Code point	Description
`correlationId`	A unique ID for tracing the entire event chain. Essential for distributed tracing
`emit()` vs `send()`	`emit` is fire-and-forget (no response needed), `send` waits for a response
`x-retry-count` header	Tracks retry count. Routes to DLQ topic when MAX_RETRY is exceeded
Compensation event	The rollback signal in the Saga pattern. Consumed by upstream services for handling

Example 2: Converting DB Changes to Kafka Events with Debezium (CDC Pattern)

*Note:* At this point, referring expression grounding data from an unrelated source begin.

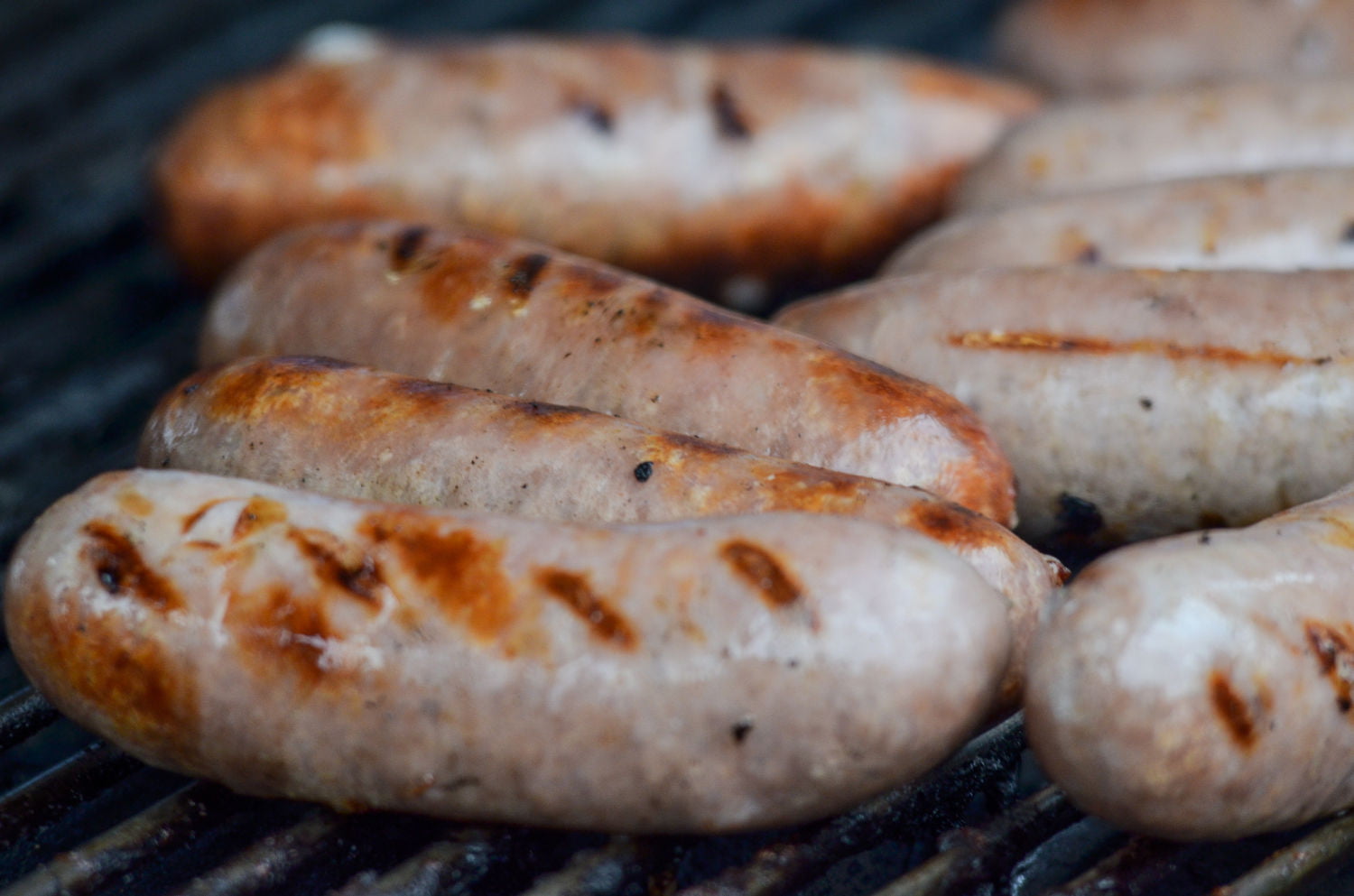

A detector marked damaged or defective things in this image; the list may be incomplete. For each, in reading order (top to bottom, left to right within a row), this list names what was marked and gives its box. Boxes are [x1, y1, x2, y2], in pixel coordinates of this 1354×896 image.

burnt fleck [571, 99, 615, 134]
burnt fleck [709, 82, 753, 141]
burnt fleck [390, 226, 431, 272]
burnt fleck [504, 253, 550, 298]
burnt fleck [1056, 495, 1099, 536]
burnt fleck [83, 522, 182, 614]
burnt fleck [726, 541, 796, 612]
burnt fleck [536, 568, 636, 652]
burnt fleck [1213, 674, 1251, 753]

This pattern is incredibly useful when migrating from a legacy system to EDA. When it's difficult to embed event publishing code directly into an existing DB, Debezium reads the DB's change log (binlog/WAL) and automatically converts it into Kafka events.

json

{
  "name": "orders-connector",
  "config": {
    "connector.class": "io.debezium.connector.mysql.MySqlConnector",
    "database.hostname": "mysql",
    "database.port": "3306",
    "database.user": "debezium",
    "database.password": "dbz",
    "database.server.name": "shop",
    "table.include.list": "shop.orders",
    "topic.prefix": "cdc",
    "transforms": "unwrap",
    "transforms.unwrap.type": "io.debezium.transforms.ExtractNewRecordState"
  }
}

Note: database.password is an example value. In production, always inject secrets from a secret management tool such as AWS Secrets Manager or Vault.

typescript

// CDC event consumption example — topic names are auto-generated in the format "cdc.shop.orders"
import { DebeziumEvent } from '../types/events';
 
interface OrderRecord {
  id: string;
  status: string;
  userId: string;
}
 
@MessagePattern('cdc.shop.orders')
async handleOrderCDC(
  @Payload() cdcEvent: DebeziumEvent<OrderRecord>,
) {
  const { op, after, before } = cdcEvent;
  // op: 'c'(create), 'u'(update), 'd'(delete), 'r'(snapshot read)
 
  if (op === 'u' && after?.status === 'SHIPPED') {
    await this.notificationService.sendShippingAlert(after);
  }
}

What is CDC (Change Data Capture)? A technique that detects database changes in real time and converts them into events. Since it can turn an existing DB into an event source without modifying application code, it's commonly used as the first step in migrating legacy systems to EDA.

Pros and Cons

Advantages

Item	Details
Loose coupling	Producers and Consumers don't need to know anything about each other. Adding a new service doesn't touch existing code, reducing deployment risk and cutting cross-team dependencies
High throughput	Processes millions of messages per second. Netflix processes trillions of events per day through Kafka
Durability & reprocessing	Logs are persisted to disk. After a failure, you can reprocess precisely from the stored offset — and replay past events after a bug fix
Elastic scaling	Horizontal scaling is as simple as adding partitions. Consumer Groups automatically distribute the load, so you just spin up more Consumer instances as traffic spikes
Fault isolation	Even if the notification service goes down, the order service keeps publishing events. When the notification service recovers, it processes the accumulated events. Failures don't cascade

Disadvantages and Caveats

Item	Details	Mitigation
Operational complexity	Running and monitoring a Kafka cluster requires specialized expertise	In the early stages, managed services like Confluent Cloud or Amazon MSK significantly reduce the operational burden
Eventual consistency	Unlike synchronous processing, immediate consistency is not guaranteed	Display a "processing" state in the UI and design the user experience from the start with this in mind
Message ordering	Ordering is guaranteed only at the partition level — not across the entire topic	For events where order matters, use the same partition key (e.g., `userId`, `orderId`)
Exactly-once processing	The default is at-least-once. Duplicate processing can occur	Enable transactional publishing on the Producer side with `enable.idempotence=true` + `transactional.id`, and set `isolation.level=read_committed` on the Consumer side to only read committed messages. Ideally, design the Consumer itself to be idempotent
Debugging difficulty	Tracing through an event chain has its limits when relying solely on log analysis	Embed a `correlationId` in every event and introduce distributed tracing tools like Jaeger or Zipkin
Schema management	Adding a field to the `order.placed` event impacts all Consumers	Manage schema versions with Confluent Schema Registry and include backward-compatibility checks in CI

What is an Idempotent Consumer? A Consumer designed so that processing the same message multiple times produces the same result. For example, when a duplicate "deduct 5 from inventory" event arrives, you can implement this by recording the event ID in the DB and ignoring any event that has already been processed.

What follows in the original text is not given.